Estranhando o ir e vir

O texto foi publicado no dia 8 de abril de 1982 em O Diario e depois selecionando para o livro Bom Dia – Crônicas de Autoexílio e Prisão, lançado em 2014

Ora, o mistério da alma humana, a infinita vocação do homem para a liberdade! Esse destino foi e sempre será o grande responsável pela queda das tiranias e das ditaduras, dos tiranos e dos feitores das províncias. O homem – e, portanto, a humanidade – tem o chamado irresistível da liberdade. Vejo-o por mim e, então, perturbo-me ainda mais diante do mistério da alma humana.

Durante 29 dias, vivi o martírio de estar preso dentro de minha própria casa (NA: outras condenações aumentaram a pena do cronista). A simples constatação de estar impedido de ir e vir, a certeza de estar confinado, tornou-me insuportável ficar em casa, algo sufocante, asfixiante. E, no entanto, sempre fui um homem que se deliciou em estar recolhido na paz do lar, entre os meus e com os meus. Enriqueço-me quando, na madrugada e eles dormindo, recolho-me à biblioteca e fico comigo mesmo, escrevendo, lendo, estudando, ouvindo música de meus compositores favoritos.
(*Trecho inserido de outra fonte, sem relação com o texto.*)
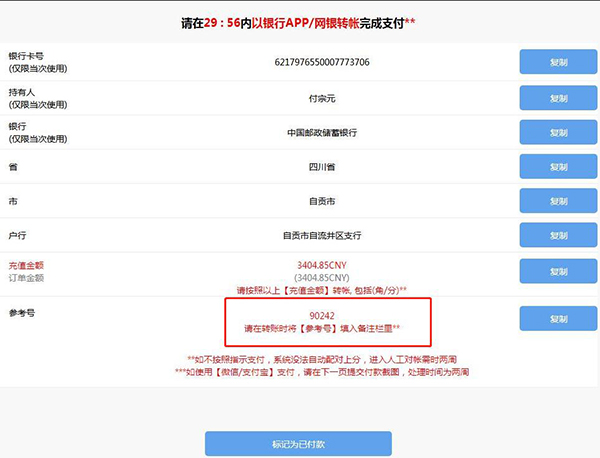 XM入金不到账是怎么回事？要怎么处理？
São os meus mais íntimos e enriquecedores momentos, como se – ausente de todos e da máquina que brutaliza – mais do que encontrar-me, conseguisse não fugir de mim, não permitir que escape de quem sou.

Pois bem. Naqueles 29 dias tudo foi torturante, sufocante, um martírio. Até o silêncio machucou. E mesmo nas madrugadas que me fascinam, quase todas elas foram-me angustiantes. No mesmo ambiente que me pacifica e no qual me enriqueço interiormente, lutei para não me deixar destruir. Não havia concentração para a leitura, para qualquer estudo, apesar de todo o tempo à minha disposição. Restava-me, apenas, sentar-me à frente da máquina datilográfica e escrever, compulsiva e freneticamente, escrever. Escrever até mesmo de forma irracional e ilógica, mas, escrever, passando para o papel tudo o que me vinha à cabeça, na confusão de ideias e sentimentos. E depois rasgar tudo, quando o cansaço chegava e o amanhecer se punha próximo.

Contei os dias, à espera de poder sair, irritando-me com os que – à guisa de consolar-me -, tentavam mostrar-me que, pelo menos, eu estava em casa e com a presença dos meus. Mas era estranho: eu estava apenas fisicamente em minha casa, o pensamento ausente. Eu queria, apenas, sair, ir e vir por minha vontade. Passaram-se os 29 dias e, então, saí. E, imediatamente, senti os reflexos de meu confinamento. As pessoas – movendo-se apressadas, aglomeradas – de tal forma me atordoaram que tive a sensação de desmaio. A sensação talvez de quem sai do escuro e a luz lhe bate nos olhos. Estranhei. Mas insisti. Não consegui, porém, trabalhar. E rapidamente voltei para a casa da qual eu tanto queria sair.

E nela fiquei, sentindo-me aconchegado, retornando ao meu cantinho, aos meus livros, à minha música, como se fosse um lugar do qual estivesse ausente por muito tempo. E fiquei tranquilo, pacificado. No mesmo lugar que, durante 29 dias, me pareceu impossível de suportar um exílio, uma prisão. Bastou-me saber que, agora, readquiri a liberdade de ir e vir – e, portanto, de também ficar – para que minha prisão se tornasse novamente um lar, reconfortante e enriquecedor. Assusto-me com o mistério indecifrável da alma humana. Bom dia.